Upon removing a pot from a wall this morning, I exposed a beautiful adult female Mouse Spider,  Scotophaeus blackwalli, her abdomen full and glistening. Although initially flighty, she eventually settled on the white bowl and allowed me to take her portrait. In his classic book 'The World of Spiders', packed full of interesting observations on the behaviour and natural history of British Spiders, W.S. Bristowe described these nocturnal spiders and their relatives as the 'panthers or pumas of the invertebrate world'. However, a few lines later he pushed aside their hunting habits and instead gave this spider a much less impressive common name:
If an English name were needed for our only domestic species, which is found rarely away from man's buildings in hollow trees, it would be appropriate to call her the Mouse Spider on account of her glossy grey abdomen. But she can be a very fierce mouse. She reaches 11 mm. and has short brown legs and a rather narrow head.

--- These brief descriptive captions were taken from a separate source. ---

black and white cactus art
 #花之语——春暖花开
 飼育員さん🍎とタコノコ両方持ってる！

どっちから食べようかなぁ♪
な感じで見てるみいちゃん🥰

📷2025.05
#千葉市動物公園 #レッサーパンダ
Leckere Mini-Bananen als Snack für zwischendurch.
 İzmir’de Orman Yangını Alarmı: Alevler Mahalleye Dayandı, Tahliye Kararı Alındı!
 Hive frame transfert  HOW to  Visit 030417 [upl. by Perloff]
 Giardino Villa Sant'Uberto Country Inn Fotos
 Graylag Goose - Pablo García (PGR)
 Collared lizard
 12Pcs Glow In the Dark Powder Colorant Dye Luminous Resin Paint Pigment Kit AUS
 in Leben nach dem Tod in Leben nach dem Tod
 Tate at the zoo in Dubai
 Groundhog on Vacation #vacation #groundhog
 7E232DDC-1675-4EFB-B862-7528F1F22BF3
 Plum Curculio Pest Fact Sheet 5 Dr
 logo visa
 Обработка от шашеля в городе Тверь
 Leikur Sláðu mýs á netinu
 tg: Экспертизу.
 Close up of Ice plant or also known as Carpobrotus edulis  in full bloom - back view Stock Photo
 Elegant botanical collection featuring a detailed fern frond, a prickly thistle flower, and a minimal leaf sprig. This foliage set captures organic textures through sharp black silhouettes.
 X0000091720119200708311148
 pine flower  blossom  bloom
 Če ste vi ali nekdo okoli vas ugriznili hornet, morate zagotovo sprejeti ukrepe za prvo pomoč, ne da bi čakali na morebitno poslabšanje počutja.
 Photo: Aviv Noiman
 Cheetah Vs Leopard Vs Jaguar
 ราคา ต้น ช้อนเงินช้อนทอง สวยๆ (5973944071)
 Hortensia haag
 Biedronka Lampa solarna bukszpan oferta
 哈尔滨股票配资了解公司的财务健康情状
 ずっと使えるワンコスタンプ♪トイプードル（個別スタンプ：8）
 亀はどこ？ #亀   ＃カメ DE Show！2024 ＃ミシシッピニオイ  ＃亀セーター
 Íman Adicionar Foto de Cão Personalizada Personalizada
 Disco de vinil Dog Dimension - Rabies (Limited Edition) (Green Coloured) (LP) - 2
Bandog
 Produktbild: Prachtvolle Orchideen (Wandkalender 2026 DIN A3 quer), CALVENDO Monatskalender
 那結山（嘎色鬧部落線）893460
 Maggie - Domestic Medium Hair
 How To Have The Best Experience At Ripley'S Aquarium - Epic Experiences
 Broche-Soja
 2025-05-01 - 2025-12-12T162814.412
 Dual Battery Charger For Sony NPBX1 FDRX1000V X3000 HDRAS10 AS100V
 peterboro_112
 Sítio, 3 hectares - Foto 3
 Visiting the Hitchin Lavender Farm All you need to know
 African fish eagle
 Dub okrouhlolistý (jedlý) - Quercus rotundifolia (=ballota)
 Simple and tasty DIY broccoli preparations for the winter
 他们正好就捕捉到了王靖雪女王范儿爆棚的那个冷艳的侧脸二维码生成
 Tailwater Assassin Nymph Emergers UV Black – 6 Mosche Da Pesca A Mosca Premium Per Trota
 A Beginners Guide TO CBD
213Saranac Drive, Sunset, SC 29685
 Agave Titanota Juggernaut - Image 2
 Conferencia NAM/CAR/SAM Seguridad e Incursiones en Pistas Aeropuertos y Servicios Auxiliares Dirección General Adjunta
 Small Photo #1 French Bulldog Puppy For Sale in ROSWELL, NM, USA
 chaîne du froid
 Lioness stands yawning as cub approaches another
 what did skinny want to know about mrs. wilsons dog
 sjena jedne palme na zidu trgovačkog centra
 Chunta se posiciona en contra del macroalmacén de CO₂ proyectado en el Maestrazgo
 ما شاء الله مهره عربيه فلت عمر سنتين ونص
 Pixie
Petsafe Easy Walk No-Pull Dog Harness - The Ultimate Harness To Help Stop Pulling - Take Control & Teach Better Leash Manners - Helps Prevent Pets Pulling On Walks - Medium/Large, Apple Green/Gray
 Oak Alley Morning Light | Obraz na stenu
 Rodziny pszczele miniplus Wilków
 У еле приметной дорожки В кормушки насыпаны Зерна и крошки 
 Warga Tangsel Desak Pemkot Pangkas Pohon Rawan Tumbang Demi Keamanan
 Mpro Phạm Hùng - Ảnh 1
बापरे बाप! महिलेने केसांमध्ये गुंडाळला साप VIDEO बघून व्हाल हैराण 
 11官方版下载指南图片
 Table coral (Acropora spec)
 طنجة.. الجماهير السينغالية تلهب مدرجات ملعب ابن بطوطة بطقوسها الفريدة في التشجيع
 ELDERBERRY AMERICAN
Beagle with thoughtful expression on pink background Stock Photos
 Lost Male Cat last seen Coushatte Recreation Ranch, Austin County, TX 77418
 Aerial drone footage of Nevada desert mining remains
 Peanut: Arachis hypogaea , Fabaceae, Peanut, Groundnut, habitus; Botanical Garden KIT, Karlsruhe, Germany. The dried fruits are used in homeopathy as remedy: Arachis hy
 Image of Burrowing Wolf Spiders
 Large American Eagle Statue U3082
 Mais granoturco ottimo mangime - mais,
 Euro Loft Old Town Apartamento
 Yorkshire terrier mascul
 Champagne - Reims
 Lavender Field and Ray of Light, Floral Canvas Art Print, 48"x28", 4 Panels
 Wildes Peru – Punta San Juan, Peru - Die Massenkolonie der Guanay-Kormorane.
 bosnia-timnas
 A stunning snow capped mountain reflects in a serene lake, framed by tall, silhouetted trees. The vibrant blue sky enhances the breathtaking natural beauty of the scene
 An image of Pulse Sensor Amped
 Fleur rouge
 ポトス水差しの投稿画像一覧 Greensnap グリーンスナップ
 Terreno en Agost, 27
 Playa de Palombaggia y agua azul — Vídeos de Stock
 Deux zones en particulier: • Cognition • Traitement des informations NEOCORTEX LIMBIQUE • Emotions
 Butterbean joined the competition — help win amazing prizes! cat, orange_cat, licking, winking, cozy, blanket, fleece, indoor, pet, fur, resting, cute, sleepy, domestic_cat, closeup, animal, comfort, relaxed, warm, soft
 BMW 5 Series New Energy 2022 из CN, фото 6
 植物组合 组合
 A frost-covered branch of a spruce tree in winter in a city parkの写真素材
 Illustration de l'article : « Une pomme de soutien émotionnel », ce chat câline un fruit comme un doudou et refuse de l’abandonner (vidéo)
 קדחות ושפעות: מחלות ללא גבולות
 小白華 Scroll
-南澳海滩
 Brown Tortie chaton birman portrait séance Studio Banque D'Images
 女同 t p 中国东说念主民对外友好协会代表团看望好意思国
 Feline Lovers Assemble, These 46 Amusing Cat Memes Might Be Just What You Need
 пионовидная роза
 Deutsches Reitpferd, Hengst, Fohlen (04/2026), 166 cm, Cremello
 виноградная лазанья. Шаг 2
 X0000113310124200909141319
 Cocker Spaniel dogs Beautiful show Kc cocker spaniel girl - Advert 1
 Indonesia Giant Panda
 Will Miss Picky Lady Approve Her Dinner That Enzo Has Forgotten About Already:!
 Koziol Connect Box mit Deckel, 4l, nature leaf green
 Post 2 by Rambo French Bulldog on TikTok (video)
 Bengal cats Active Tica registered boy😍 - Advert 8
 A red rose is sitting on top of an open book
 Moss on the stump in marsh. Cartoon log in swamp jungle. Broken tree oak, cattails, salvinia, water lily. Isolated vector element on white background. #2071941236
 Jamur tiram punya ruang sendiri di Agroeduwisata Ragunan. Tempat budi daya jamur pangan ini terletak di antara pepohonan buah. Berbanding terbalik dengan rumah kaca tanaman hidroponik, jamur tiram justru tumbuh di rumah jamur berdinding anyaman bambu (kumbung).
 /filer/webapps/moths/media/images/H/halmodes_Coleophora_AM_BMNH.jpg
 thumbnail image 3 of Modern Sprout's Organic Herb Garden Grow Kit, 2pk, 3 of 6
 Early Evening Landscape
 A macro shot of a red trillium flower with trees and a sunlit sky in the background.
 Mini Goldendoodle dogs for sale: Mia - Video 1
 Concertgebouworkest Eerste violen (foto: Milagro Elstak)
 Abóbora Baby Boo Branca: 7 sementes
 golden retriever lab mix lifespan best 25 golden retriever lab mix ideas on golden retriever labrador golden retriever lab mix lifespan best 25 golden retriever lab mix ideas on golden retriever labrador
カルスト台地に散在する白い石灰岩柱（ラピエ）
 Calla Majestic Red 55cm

He goes on to describe its ability to subsist without water for months and its prowling behaviour 'at night on walls and ceilings in search of prey, retiring behind pictures or onto crevices in walls during the hours of daylight.' He must have kept this spider in captivity and observed it carefully and he goes on to describe its encounters with prey and its short mating behaviour. He describes to have observed two cases of mating in July. And it is at this time of year that adult specimens can commonly be found.

More information
Bristowe, W.S. 1958 The World of Spiders. Collins New Naturalist Series, London. 304 pp.